Venue
Snape Maltings,
Snape, Suffolk IP17 1SP
The Festival is a not-for-profit organisation dedicated to supporting and promoting the local community and businesses within it. We work year-round to give Suffolk producers and businesses a platform to showcase what they do, and get recognition and awareness from chefs, restaurants and business people all over the country.
Each year we have to fundraise to cover the costs of the Festival and to keep it alive for the future. We are very grateful to our sponsors, supporters, friends and visitors who all play a part in making it possible.
Your entry fees, for example, enable us to fund next year’s festival and get more exposure for our local food ecosystem.
Any donations help to make the next year bigger and better. If you would like to donate to the festival, big or small, please get in touch.
The Festival has always been a showcase for the positive initiatives going on in Suffolk, and the wider world. Due to the uncertainties created by a global pandemic, meaning conferences and full festivals were fraught with difficulty, the Festival commissioned five short films which both explain the problem and reveal some of the emerging solutions and new opportunities within the food industry.

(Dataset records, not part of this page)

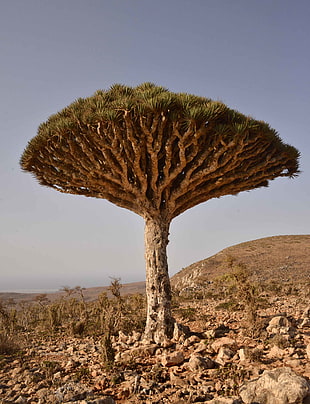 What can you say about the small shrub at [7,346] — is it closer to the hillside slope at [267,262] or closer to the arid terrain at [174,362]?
the arid terrain at [174,362]

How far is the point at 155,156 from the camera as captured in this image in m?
6.33

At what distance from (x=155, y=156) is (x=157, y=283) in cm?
279

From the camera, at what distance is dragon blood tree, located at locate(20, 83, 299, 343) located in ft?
19.5

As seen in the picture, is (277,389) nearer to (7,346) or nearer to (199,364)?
(199,364)

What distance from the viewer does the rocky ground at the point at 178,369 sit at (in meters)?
3.60

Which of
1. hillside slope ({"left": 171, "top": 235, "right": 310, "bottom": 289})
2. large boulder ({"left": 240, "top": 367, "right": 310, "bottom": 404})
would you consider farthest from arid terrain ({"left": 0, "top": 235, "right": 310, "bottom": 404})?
hillside slope ({"left": 171, "top": 235, "right": 310, "bottom": 289})

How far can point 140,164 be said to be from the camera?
6781 millimetres

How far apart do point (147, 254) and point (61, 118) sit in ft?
11.7

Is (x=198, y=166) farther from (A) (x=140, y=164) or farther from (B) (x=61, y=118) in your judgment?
(B) (x=61, y=118)

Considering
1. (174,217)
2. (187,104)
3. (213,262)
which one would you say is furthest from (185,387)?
(213,262)

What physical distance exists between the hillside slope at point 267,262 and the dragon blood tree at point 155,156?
12208 mm

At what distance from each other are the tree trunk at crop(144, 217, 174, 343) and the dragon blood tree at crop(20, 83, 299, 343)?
21 mm

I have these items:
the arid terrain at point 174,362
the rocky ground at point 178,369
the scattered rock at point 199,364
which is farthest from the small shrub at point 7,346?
the scattered rock at point 199,364

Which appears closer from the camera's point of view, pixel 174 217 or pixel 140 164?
pixel 140 164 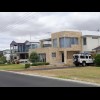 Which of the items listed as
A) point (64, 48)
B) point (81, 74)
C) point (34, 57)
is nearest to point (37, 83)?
point (81, 74)

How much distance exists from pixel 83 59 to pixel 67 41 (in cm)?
952

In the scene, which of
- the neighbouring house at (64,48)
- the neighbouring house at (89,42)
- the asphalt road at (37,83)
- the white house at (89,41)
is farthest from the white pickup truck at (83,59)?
the asphalt road at (37,83)

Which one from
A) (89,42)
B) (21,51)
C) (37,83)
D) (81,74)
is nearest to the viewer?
(37,83)

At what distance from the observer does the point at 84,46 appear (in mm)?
54000

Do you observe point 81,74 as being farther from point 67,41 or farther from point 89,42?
point 89,42

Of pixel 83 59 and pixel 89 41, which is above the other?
pixel 89 41

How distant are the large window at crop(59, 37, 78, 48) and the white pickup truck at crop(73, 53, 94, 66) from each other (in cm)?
838

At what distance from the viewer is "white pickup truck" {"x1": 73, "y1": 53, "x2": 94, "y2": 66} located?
4500 cm

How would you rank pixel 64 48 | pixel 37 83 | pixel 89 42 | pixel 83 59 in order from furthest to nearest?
pixel 89 42 < pixel 64 48 < pixel 83 59 < pixel 37 83

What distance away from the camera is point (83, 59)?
1774 inches

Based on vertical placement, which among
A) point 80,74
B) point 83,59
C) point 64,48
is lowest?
point 80,74

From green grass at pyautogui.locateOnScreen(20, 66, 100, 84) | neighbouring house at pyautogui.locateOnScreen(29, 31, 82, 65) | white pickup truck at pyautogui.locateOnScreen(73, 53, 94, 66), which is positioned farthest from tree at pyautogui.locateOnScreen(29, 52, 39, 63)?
green grass at pyautogui.locateOnScreen(20, 66, 100, 84) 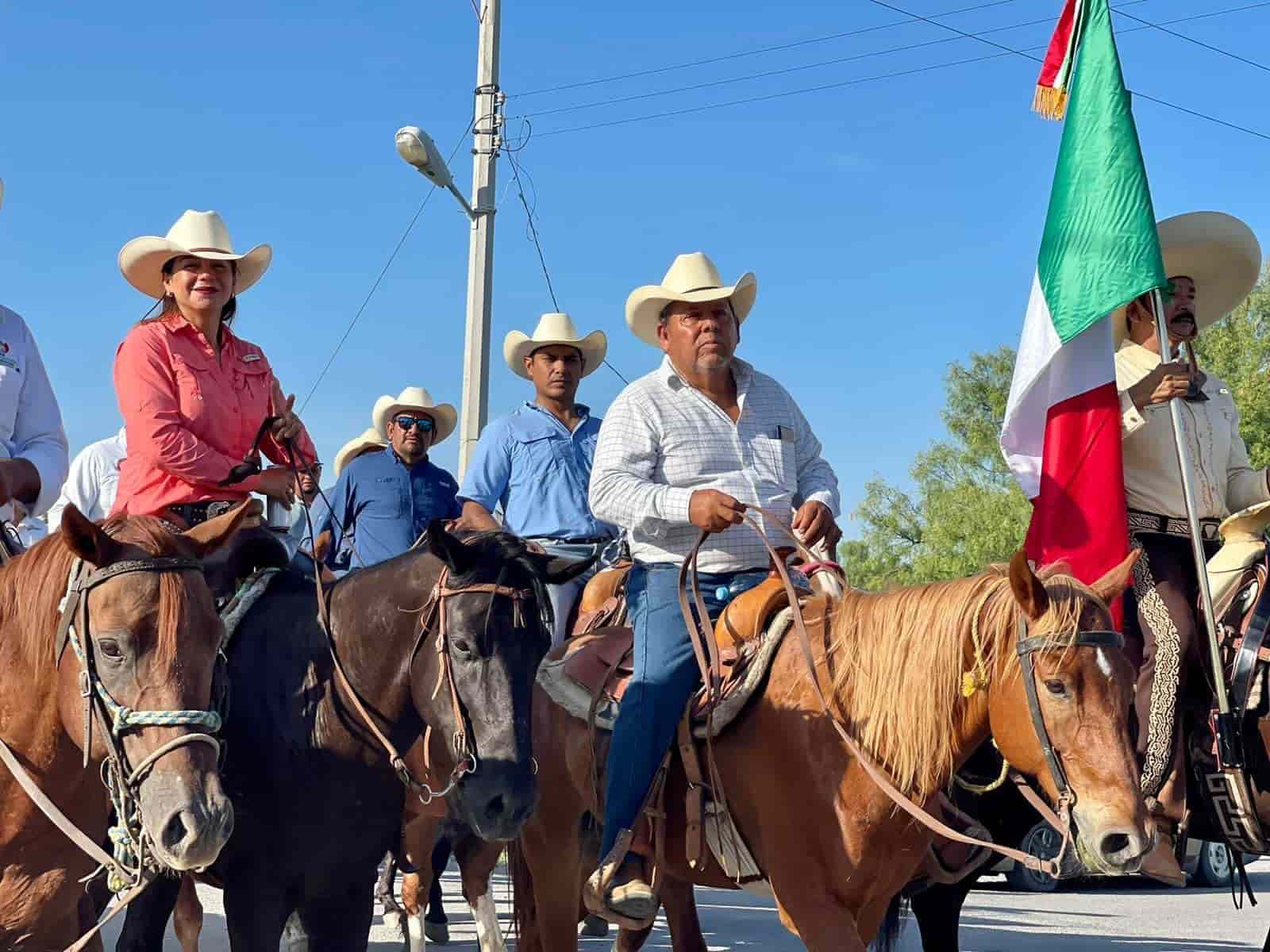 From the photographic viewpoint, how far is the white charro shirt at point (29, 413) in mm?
5309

Whilst the films show material drawn from other continents, the festival directors hope that they inform and inspire our farmers, food producers and the wider public to see a bright but changing future for our industry and Suffolk.
The organisers of the not-for-profit event also sought to reconnect people with the food provided by the landscape as a whole: the villages and market towns, the fields, woodlands and marshes, the rivers and the sea.
The festival has grown in size, success and importance but its philosophy remains the same.
Farming for the Soil
Farming for the Soil
Robot Farming
Insects. The New Livestock
Protein of the future
The biggest problem of all is how we manage the need to feed millions more humans every year in a way that doesn’t draw excessively on our planet’s reserves. Farming and food production are the largest source of climate-changing emissions. Our insatiable demand for more and more food is now the most significant cause of the Earth’s biodiversity loss.